Charles Taylor today told Special Court for Sierra Leone judges that when he became president of Liberia, he arrested and expelled a British citizen and a Sierra Leonean diplomat who were secretely collaborated with rebel forces in Sierra Leone. Mr. Taylor also gave a chronology of steps that he took as president of Liberia to bring the conflict to Sierra Leone to a peaceful conclusion.
Mr. Taylor told the court that the British citizen and Sierra Leonean diplomat who collaborated with Revolutionary United Front (RUF) rebels in Sierra Leone did so through a company operating in Monrovia called Red Deer International. According to Mr. Taylor, when security forces raided the premises of the Red Deer International company, they discovered several items which, intelligence sources suggested, were for use by RUF rebels.
“We saw some suits of uniform, military uniform, the police seized hand-held walkie talkies, the Government of Sierra Leone was fully briefed about what was going on,” Mr. Taylor said.

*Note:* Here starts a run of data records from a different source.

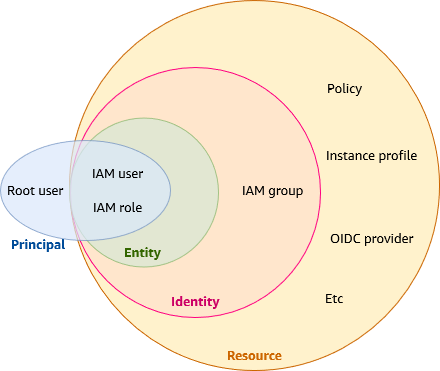 AWS IAM terms AWS IAM terms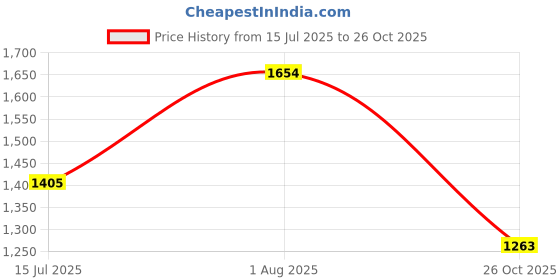 flipkart.com bellissa Women Grey Hand-held Bag - Regular Size bellissa Price History Graph from 15 Jul 2025 to 26 Oct 2025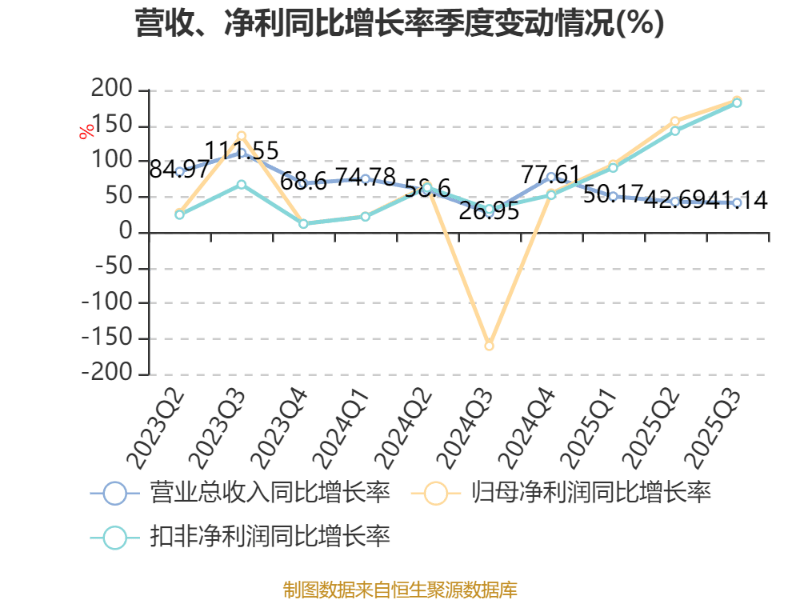 百济神州：2025年前三季度盈利11.39亿元 同比扭亏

Mr. Taylor said the arrested persons were in touch with certain individuals who were connected to the RUF.
Mr. Taylor has been accused of providing support to RUF rebels in Sierra Leone through the supply of arms and ammunition. The prosecution has also alleged that he helped RUF rebels plan attacks on civilian populations in Sierra Leone. Mr. Taylor has denied these allegations.
In his testimony today, Mr. Taylor went through a list of steps he took to assure Sierra Leone and the international community that he was not supporting RUF rebels and that he wanted a peaceful end to the conflict in Sierra Leone.
On May 5 1998, Mr. Taylor said he wrote a letter to the United Nations Secretary General denying allegations by the Nigerian Ministry of Defense that he was involved in the conflict in Sierra Leone.
On June 24 1998, Mr. Taylor sent a delegation to meet with former Sierra Leonean president Ahmed Tejan Kabbah, a step Mr. Taylor called a “diplomatic move to assure your neighbor that these are just false allegations and there is no need to worry.”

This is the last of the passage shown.